NEW ZEALAND MORTGAGE FOR NON-RESIDENT

NEW ZEALAND MORTGAGE FOR FOREIGNERS WITHOUT RESIDENCY

A mortgage in New Zealand for non-resident is a formal financial arrangement in which a NZ bank or lending institution provides an individual or business without residency with the necessary funds to purchase real estate.

New Zealand is particularly attractive to real estate investors because of its stable political and economic environment, its reputation for high living standards and natural beauty, and the ongoing international demand for property in key cities such as Auckland, Wellington, and Queenstown, which continue to position the country as a desirable and secure place to invest.

Can I obtain a mortgage in New-Zealand without residing in the country ?

Yes — it is possible for a non-resident to obtain a mortgage in New Zealand, but it’s far from easy and comes with notable restrictions and prerequisites.


1. It’s possible — but limited

New Zealand banks can grant mortgages to foreign buyers, especially those who are citizens of Australia or Singapore — these groups benefit from exemptions under trans-Tasman agreements and free trade provisions.

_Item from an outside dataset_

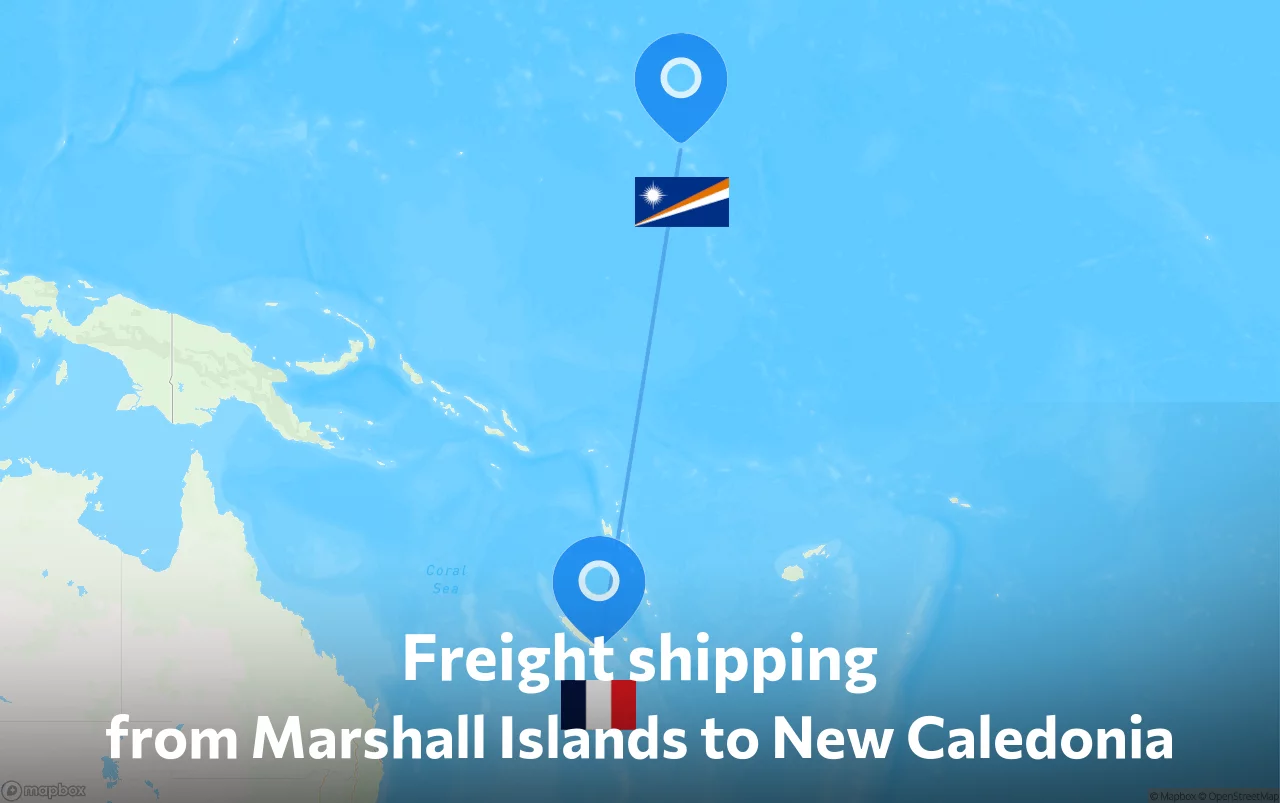 Shipping route from Marshall Islands to New Caledonia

For other foreign nationals, it’s still possible, though much more complex.


2. Access depends on authorization from OIO

Under the Overseas Investment Amendment Act of 2018, most non-residents are not allowed to buy existing residential property, unless it’s a new build, in which case special permission from the Overseas Investment Office (OIO) may be required.

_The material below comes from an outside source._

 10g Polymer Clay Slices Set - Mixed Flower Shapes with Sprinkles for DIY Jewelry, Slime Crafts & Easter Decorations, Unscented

3. Broker assistance is highly recommended

Securing a mortgage as a non-resident often involves using specialized mortgage brokers who understand the limited lending landscape and can navigate the few bank options available — some lenders may require you to have the mortgage structured as an investment property, even if you intend to reside there later.


4. Income from abroad is tolerated — with discounts

Lenders will typically consider your overseas income, but they apply a discount—often only 60–80% of that income is recognized in the affordability calculation—to account for currency fluctuations.